Wagoner also told The Times that organizers remain “in close contact” with the Seattle Police Department. 

Until last year, SPD uniformed officers marched in the parade and had been doing so since 1994.

Organizers said the 2022 decision to ban officers was "Due to the history of Stonewall Sunday and the fact that Pride was birthed from a riot against police brutality, Seattle Pride will not permit police uniforms, police vehicles, any police insignia, or police propaganda to walk in any parade contingency." Seattle firefighters were allowed to march at the parade in uniform.



Capitol Hill Pride, a different local LGBTQIA+ organization in Seattle, announced they will also be continuing their ban on uniformed officers at their march and rally the day before the Seattle Pride Parade.

SPD Chief Adrian Diaz announced last year that officers wouldn’t march in the parade, but published an open letter calling out organizers’ decision.

“The Executive Board’s decision, described as ‘discriminatory, demeaning, hateful and antiquated’ by SPD Missing Persons Unit Detective Aimee LaClaire, has been met with sadness by SPD’s more than 100 LGBTQIA+ officers, commanders, and civilians, many of whom proudly walked in the parade annually with colleagues, family, and friends.
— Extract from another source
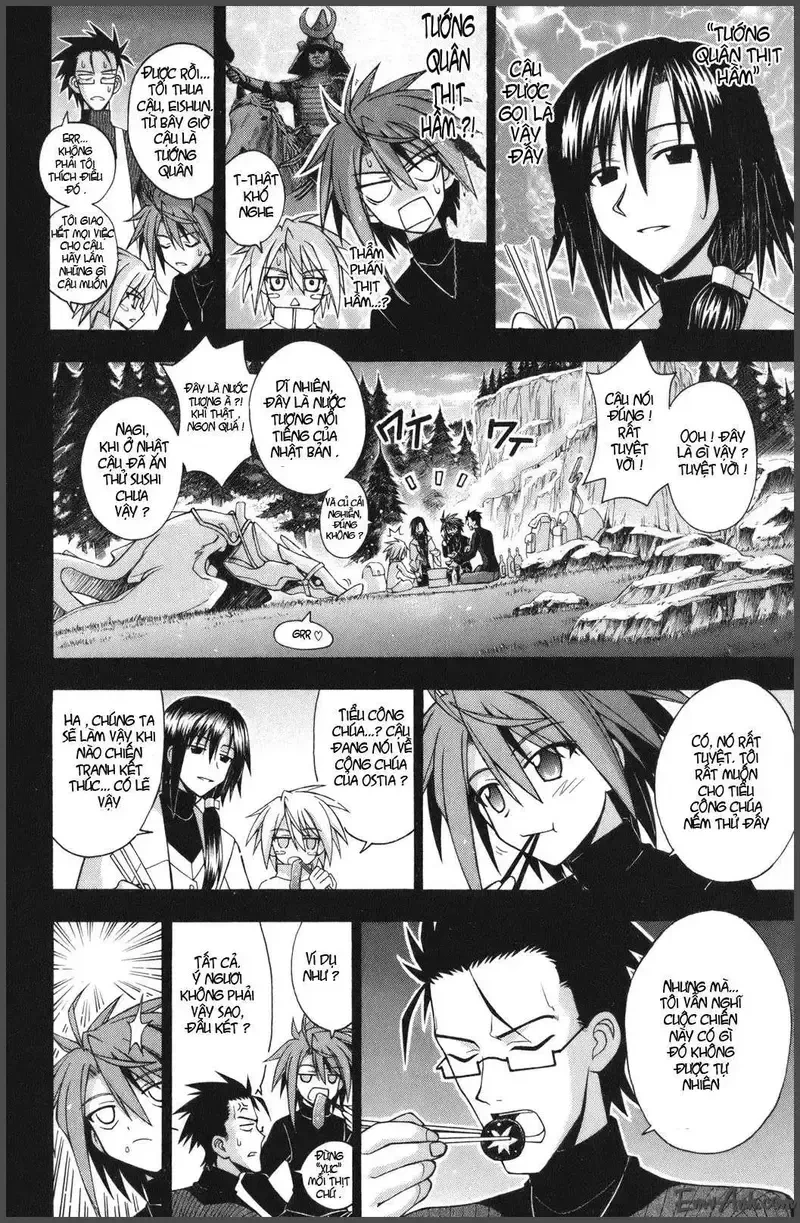 Mahou Sensei Negima! Chapter 230 - 6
The Executive Board’s decision is especially hurtful because other city workers will be allowed to participate in uniforms or insignia that identify their department, but not SPD.”  

Diaz added that the move by parade organizers could jeopardize progress in diversifing the department by recruiting more LGBTQIA+ officers, recruits that are desperately needed because the department is severely short-staffed.

In a statement to The Post Millennial, the Seattle Police Officers Guild said the group “…once again strongly disagrees with the decision to ban uniformed Seattle Police officers from marching in Seattle’s Pride Parade.”

SPOG President Mike Solan said, “SPOG members took an oath to serve our entire community equally and without discrimination.  It’s a shame to see that the commitment to equality and inclusion doesn’t flow in both directions.”
 
Solan added “Banning uniformed Seattle Police officers from Pride events is disgusting, bigoted, discriminatory and contradicts our community’s beautiful inclusive LGBTQ message. SPOG LGBTQ members serve our community with distinction and pride. They value inclusiveness and demand respect not only for proudly being LGBTQ but for serving our community as police officers.

"Anyone that believes in their banishment has no place in Seattle and does not believe in the inclusive LGBTQ message. To date, close to 600 police officers have left our agency. The bigoted decisions banning uniformed officers from Pride events do not aid in stopping this mass exodus of cops. All we ask as SPOG members is some reasonable messaging of support from our elected officials and people in positions of power/influence. Police are fantastic human beings, especially SPOG members.”
 
Solan noted that SPD officers are “currently working under an expired labor contract now 2.5 years and counting. It’s time the city delivers a fair and competitive labor contract. The Seattle community cannot stand to lose more of our professional police officers. Public Safety continues to be at risk.”

Last year, the director of Capitol Hill Pride, Charlette LeFevre, filed a complaint with the Office of Police Accountability after five uniformed Seattle Police Department officers showed up to the event. The oversight agency found the officers did nothing wrong and also ruled that a second complaint, alleging that three uniformed officers showed up to the Seattle Pride Parade, was unfounded.